[Recorded data]
════════════════
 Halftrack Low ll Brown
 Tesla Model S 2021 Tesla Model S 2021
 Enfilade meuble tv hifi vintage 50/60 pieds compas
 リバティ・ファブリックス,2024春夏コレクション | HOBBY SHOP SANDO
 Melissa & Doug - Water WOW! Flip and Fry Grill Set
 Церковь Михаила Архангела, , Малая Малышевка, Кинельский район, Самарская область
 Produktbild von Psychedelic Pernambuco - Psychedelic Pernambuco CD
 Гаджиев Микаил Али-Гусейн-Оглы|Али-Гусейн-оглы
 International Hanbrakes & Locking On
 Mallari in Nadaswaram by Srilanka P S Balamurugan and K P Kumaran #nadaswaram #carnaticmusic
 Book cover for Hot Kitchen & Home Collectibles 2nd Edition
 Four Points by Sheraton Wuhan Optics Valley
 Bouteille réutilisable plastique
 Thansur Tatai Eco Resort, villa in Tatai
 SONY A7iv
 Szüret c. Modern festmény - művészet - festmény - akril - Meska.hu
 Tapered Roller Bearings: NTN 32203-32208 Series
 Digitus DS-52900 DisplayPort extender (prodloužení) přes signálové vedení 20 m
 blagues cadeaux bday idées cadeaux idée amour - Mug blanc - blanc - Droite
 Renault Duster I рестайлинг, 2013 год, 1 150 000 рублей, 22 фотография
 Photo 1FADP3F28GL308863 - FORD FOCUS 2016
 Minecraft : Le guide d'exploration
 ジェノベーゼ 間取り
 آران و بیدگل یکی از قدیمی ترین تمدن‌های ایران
════════════════
* [Task prompt] Give again, exactly as written, the lines running from the first line of the data above through the line that contains "Церковь Михаила Архангела, , Малая".

* [Problem solution]
 Halftrack Low ll Brown
 Tesla Model S 2021 Tesla Model S 2021
 Enfilade meuble tv hifi vintage 50/60 pieds compas
 リバティ・ファブリックス,2024春夏コレクション | HOBBY SHOP SANDO
 Melissa & Doug - Water WOW! Flip and Fry Grill Set
 Церковь Михаила Архангела, , Малая Малышевка, Кинельский район, Самарская область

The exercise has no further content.